# WORK ORDER:
Under this line are the records; repeat exactly the lines starting at the one containing "وزیر بی عرضه باید استیضاح شود" and ending at the one containing "المسجد النبوي ومعالمه", omitting pictures.

# EXTRACTED RECORDS:

Segment Open

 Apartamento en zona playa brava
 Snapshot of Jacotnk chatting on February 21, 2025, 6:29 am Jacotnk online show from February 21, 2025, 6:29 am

Segment Closed
Segment Open

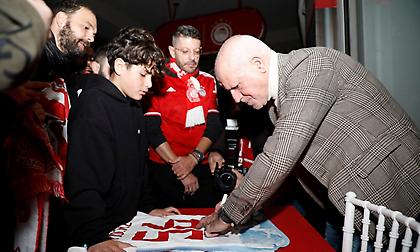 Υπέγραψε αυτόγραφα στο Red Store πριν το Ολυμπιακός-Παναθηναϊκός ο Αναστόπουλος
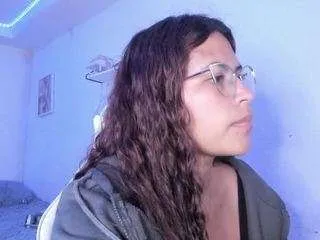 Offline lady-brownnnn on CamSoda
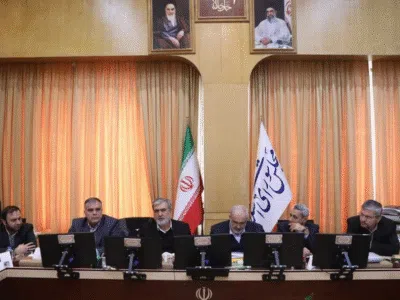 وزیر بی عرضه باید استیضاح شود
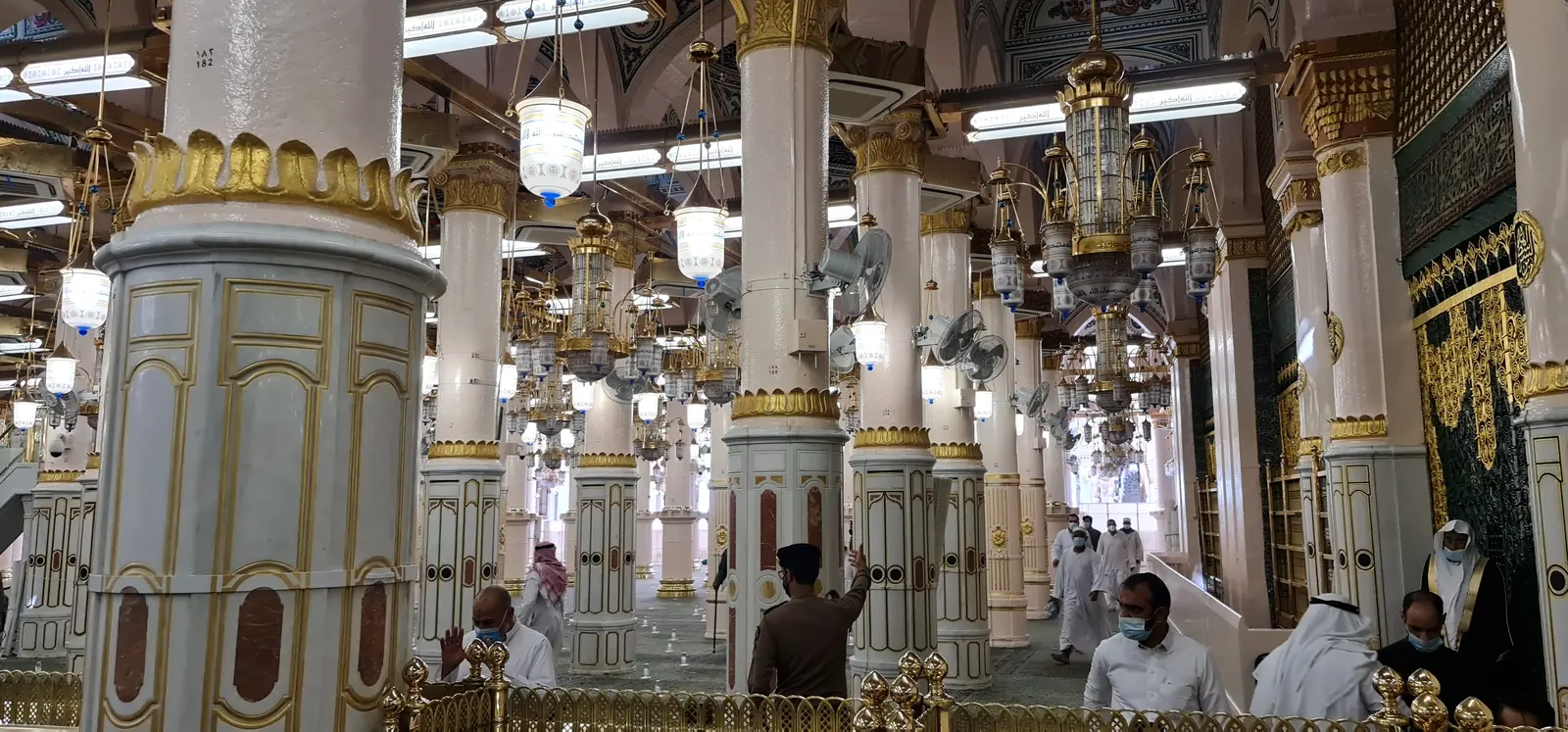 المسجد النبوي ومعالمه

Segment Closed

# YOUR SOLUTION:
 وزیر بی عرضه باید استیضاح شود
 المسجد النبوي ومعالمه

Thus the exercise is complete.